Inside it was cool and dim, and few of the tables were occupied. The pub was made up of several small rooms, and a rickety staircase, lined with old photographs of writers and musicians, led to more narrow rooms and a second bar. Mark moved through them quickly, his gaze taking in every table. Several of the drinkers looked at him, out of boredom or curiosity, as he passed. She was not upstairs. He checked downstairs again, stuck his head into the snug at the front of the pub. He had to elbow through an animated throng at the door, and then he saw her. She was in a skirt, and heels, and a shirt with the sleeves rolled up. She was talking to some guy who hadn’t taken off his jacket or his tie. She looked up and saw Mark, and she excused herself from the gathering and came towards him, smiling, the beginnings of a blush spreading on her face.

She leaned in for a kiss, not on the lips but on the cheek; he was thankful he’d figured that out in time.

‘So you’re good for another winter?’ she said.

He didn’t have a clue what she was on about, but he wasn’t going to let her see that: he’d muddle through it, whatever it was. He didn’t want his first sober words to her to suggest that either she was making no sense or that he was a bit slow. ‘Yeah,’ he said enthusiastically.

‘So everything’s saved?’

Shit , he thought. This one he couldn’t just nod and guffaw his way through. ‘How do you mean?’ he said apologetically.

She laughed. ‘Some farmer you are. The hay, obviously. That’s what you went down to do, isn’t it? You saved the hay?’

‘Oh. Right. Yeah. All in safe and sound.’ And that’s the last thing I plan to say about hay for at least another twelve months, he added silently. ‘Drink?’ he said, and she said yes.

‘Don’t go away,’ he said, as he turned.

As the booze kicked in, he started to lean back into the evening properly, to watch her as she talked, to take pleasure in the sight and nearness of her, instead of trying to think of the right thing to say. She was talking, now, about the case she was working on — something about feuding Ascendancy throwbacks, as far as he could tell — and she was gesturing like crazy, which gave him an excuse to look at all of her. He looked at her arms, trailed by freckles, a mole nestled in the shadowy veins of her inner elbow. He looked at her throat, smooth and lightly tanned, and at the top two buttons of her blouse, how they were undone, and how, intermittently, an arc of dark lace at her left breast revealed itself, hid itself, hinted at itself. She had a small nose, and she was wearing lipstick, but it seemed to be the same shade as her lips — or was that the point of all lipstick? The green of her eyes was flecked with copper. As she talked, she turned her palms upward, spread them wide, stiffened them as though to catch something falling from above.
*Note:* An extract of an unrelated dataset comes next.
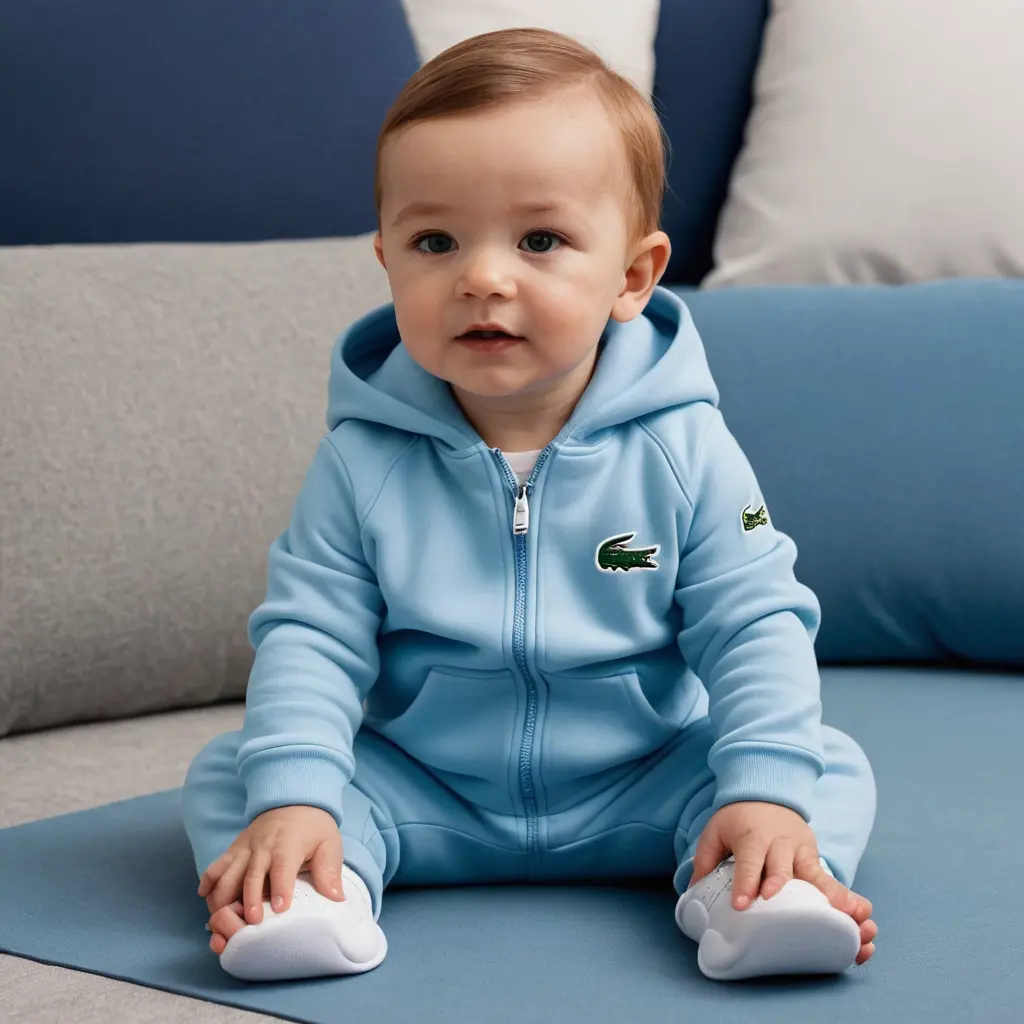 طفل رضيع يرتدي ملابس Lacoste رياضية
‘She’s unbelievable,’ she said — he raced backwards through the last couple of things he’d heard, and worked out that she was talking about her colleague.

He nodded. ‘She sounds it.’

She jiggled the ice in her glass. ‘So, how about you?’ she said, glancing at him. ‘What have you been up to?’

What had he been up to? Tugs of war with his father over every little thing. Tense encounters with his mother as she tried, like always, to encourage him to do two contradictory things: go back to Dublin as soon as he wanted and yet stick around in Dorvaragh for another few days. And there’d been the night in Keogh’s, and a conversation with Sammy Stewart from over the road about baler pins, and a conversation with another neighbour about what the neighbour referred to as ‘global warning’, and there’d been farcical attempts to read.